Peneliti: Masyarakat Tidak Percaya Polisi


Hasil Penelitian dari The University of Newcastle, Australia, Pamela Nilan, memaparkan tentang kekerasan dan konflik di ranah publik yang terjadi di Negara Indonesia. Penelitian  dilakukan dalam kurun waktu 2009-2011, bahwa dia mencatat saat ini masyarakat Indonesia sudah tidak percaya kepada aparat kepolisian untuk menyelesaiankan konflik.

“Sebab terkadang polisi malah memprovokasi dan membiarkan kekerasan tetap terjadi,” ujarnya kepada wartawan di sela-sela konferensi internasional  yang membahas tentang komunikasi, media, dan kekerasan di ranah sipil di Surakarta, Rabu, 06 Juni 2012.

Penelitian yang dibiayai AUSAID ini melibatkan seribu responden yang berada di Jakarta, Pekanbaru, Mataram, Surakarta, dan Makassar. Inti dari pertanyaan yang diajukan kepada responden adalah bagaimana persepsi mereka tentang kekerasan yang melibatkan masyarakat sipil dan bagaimana solusinya.

Dari hasil penelitian tersebut diketahui bahwa kekerasan yang terjadi di masyarakat dilatarbelakangi oleh kondisi emosional  yang tidak stabil dan tidak terkontrol. “Contoh seperti banyaknya tawuran yang terjadi di berbagai kota,” kata Pamela Nilan . Kemudian sesuatu hal yang sebenarnya sangat sepele tapi tiba-tiba membesar dan menjadi tawuran massal.

Kemudian untuk penyelesaian konflik ini, karena masyarakat tidak lagi percaya pada aparat penegak hukum, dia menyarankan penyelesaian dengan mediasi. “Seperti musyawarah secara kekeluargaan,” katanya. Sebagai penengah bisa tokoh masyarakat, tokoh agama, atau pemimpin di wilayah tersebut salah satunya seperti kepala desa / lurah.
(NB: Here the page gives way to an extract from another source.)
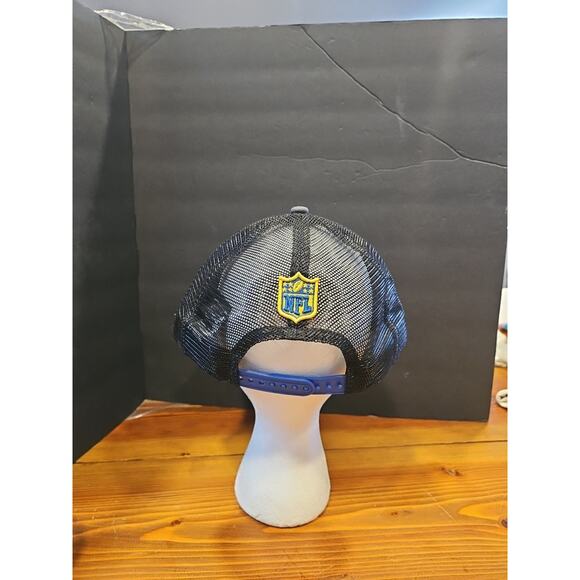 New Era Los Angeles Rams NFL Mesh Trucker 9Fifty Snapback Hat - Picture 4 of 11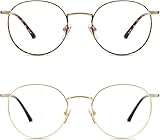Firmoo Blaulichtfilter Brille, Lesebrille Damen Herren Runde Anti-Glanz Computerbrille für PC/Handy/Fernseher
Sedangkan peneliti dari Universiti Sains Malaysia Nik Norma Nik Hasan mengatakan, yang terjadi di Malaysia kekerasan yang melibatkan masyarakat sipil biasanya diawali oleh hal yang berkaitan dengan etnis. “Di Malaysia terdiri  banyak etnis seperti etnis Cina, Melayu, Sabah, dan Sarawak,” ujarnya dalam kesempatan yang sama.

Misalnya di suatu perkampungan etnis Cina, ada sebuah masjid yang mengumandangkan azan lima kali dalam sehari. Hal ini bisa memicu keributan di perkampungan tersebut.

Dosen dari komunikasi Universitas Sebelas Maret (UNS) Surakarta, Andrik Purwasito, mengatakan kekerasan yang terjadi saat ini salah satunya karena andil media massa, khususnya televisi. Televisi tersbut berlomba-lomba menayangkan aksi-aksi kekerasan dan seolah-olah menjadi semacam bumbu hiburan tersendiri untuk masyarakat.



“Padahal aksi kekerasan yang ditayangkan tersebut bisa memicu kekerasan baru di masyarakat,” katanya. Untuk itu, dia meminta agar ada standardisasi tayangan kekerasan di televisi agar dapat menampilkan gambar yang lebih arif.